> **EXERCISE OBJECTIVE**: Take the listing below and output it exactly, with no images.

> **DATA**:
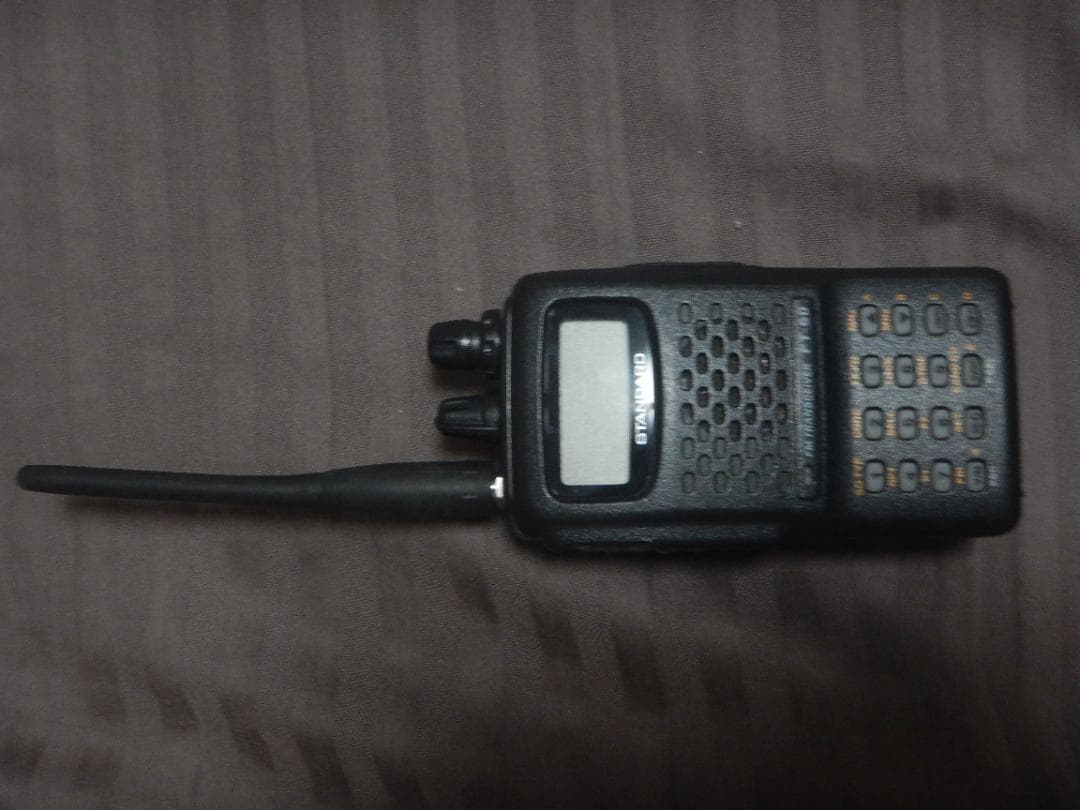 FT-60 トランシーバー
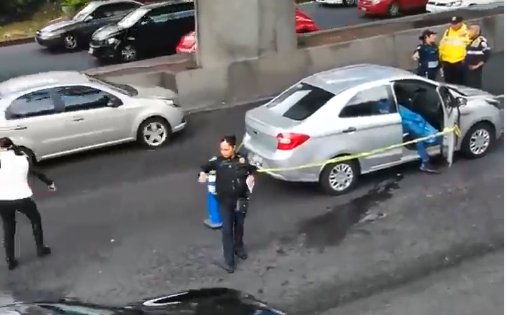 Acribillan a hombre en auto en CDMX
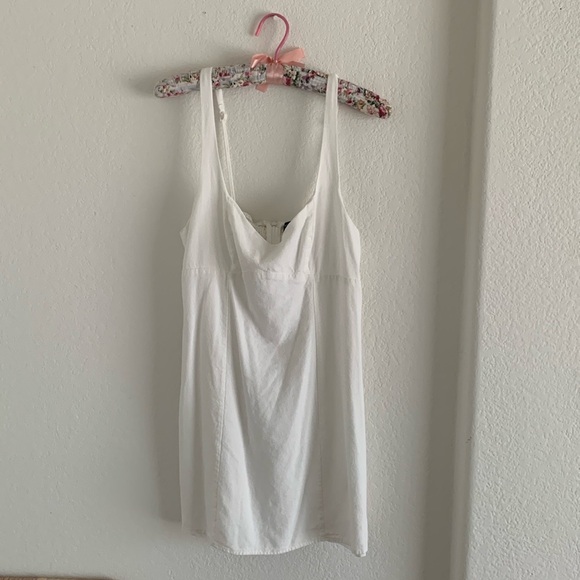 🤍 Dress - Picture 1 of 7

> **TASK RESPONSE**:
 FT-60 トランシーバー
 Acribillan a hombre en auto en CDMX
 🤍 Dress - Picture 1 of 7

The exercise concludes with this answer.